Customizable legal provisions to help implement international best practices, principles, and guidance on responsible agricultural investment

60. Remedies

 

60.1 The Parties shall cooperate in the application of the remedies provided for in this Section and shall apply such remedies in a manner that is commensurate to the seriousness of the breach in question, with a view to preserving, as much as possible, the Parties’ ongoing relationship and achieving the purpose of this Agreement.

60.2 Unless a Force Majeure Event takes place, a Party failing to comply with any obligation in this Agreement is in breach of this Agreement.

60.3 Aggrieved Party’s duty to mitigate breach: Where a Party (the Aggrieved Party) becomes aware that another Party (the Breaching Party) is or will be in breach of one or more of its obligations under this Agreement, the Aggrieved Party shall notify the Breaching Party in writing and shall take all reasonable measures to minimize and mitigate the effects of the breach.

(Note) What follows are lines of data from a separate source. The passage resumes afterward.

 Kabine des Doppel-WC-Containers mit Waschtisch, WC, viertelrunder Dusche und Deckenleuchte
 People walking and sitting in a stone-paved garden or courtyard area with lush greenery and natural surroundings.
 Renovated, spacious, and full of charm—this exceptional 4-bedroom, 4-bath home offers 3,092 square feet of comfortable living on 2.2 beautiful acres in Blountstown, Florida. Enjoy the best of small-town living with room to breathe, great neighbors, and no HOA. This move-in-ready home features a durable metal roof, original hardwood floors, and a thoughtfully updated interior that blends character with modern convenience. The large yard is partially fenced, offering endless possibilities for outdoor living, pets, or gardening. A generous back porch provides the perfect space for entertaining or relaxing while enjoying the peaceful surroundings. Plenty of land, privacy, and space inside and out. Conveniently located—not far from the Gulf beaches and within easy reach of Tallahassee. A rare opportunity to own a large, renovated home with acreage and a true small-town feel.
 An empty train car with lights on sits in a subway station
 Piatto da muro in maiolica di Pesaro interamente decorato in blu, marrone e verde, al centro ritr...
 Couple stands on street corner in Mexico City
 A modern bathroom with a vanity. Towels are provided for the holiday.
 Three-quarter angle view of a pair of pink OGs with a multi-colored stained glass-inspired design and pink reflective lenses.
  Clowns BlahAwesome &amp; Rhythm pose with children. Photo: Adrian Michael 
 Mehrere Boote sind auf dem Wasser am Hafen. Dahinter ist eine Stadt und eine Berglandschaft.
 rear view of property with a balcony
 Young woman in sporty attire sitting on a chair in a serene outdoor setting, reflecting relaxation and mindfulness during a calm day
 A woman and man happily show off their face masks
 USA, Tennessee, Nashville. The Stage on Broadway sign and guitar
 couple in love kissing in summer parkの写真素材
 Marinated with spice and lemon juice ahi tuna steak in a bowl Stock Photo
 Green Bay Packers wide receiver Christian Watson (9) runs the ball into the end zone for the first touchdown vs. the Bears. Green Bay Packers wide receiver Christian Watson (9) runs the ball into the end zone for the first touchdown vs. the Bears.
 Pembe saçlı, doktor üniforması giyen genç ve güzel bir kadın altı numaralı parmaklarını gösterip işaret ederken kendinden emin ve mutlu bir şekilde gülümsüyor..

The Aggrieved Party shall be entitled to recover from the Breaching Party any reasonable expenses or difference in value incurred in taking measures in mitigation in accordance with this Section.

60.4 Breaching Party’s right to prevent or cure breach: Where the Breaching Party has been notified or otherwise becomes aware that it is or will be in breach of one of more of its obligations under this Agreement, it shall immediately take all reasonable measures at its own cost to prevent or cure the breach [as soon as practicably possible]/[within [insert number] days], including by;

(a) bringing any aspect of the Project Operations that are non-compliant with this Agreement or the Applicable Law into compliance with same;

(b) replacing any non-conforming goods or services with goods or services which conform with the requirements of this Agreement;

(c) modifying or correcting any non-conforming production method or other process required by this Agreement, including in accordance with any specific instructions issued by the Aggrieved Party or any relevant certification body; and

(d) [insert other possible cures for breach based on the specificities of the Project or delete the words “including by” and do not provide an illustrative list of cures.]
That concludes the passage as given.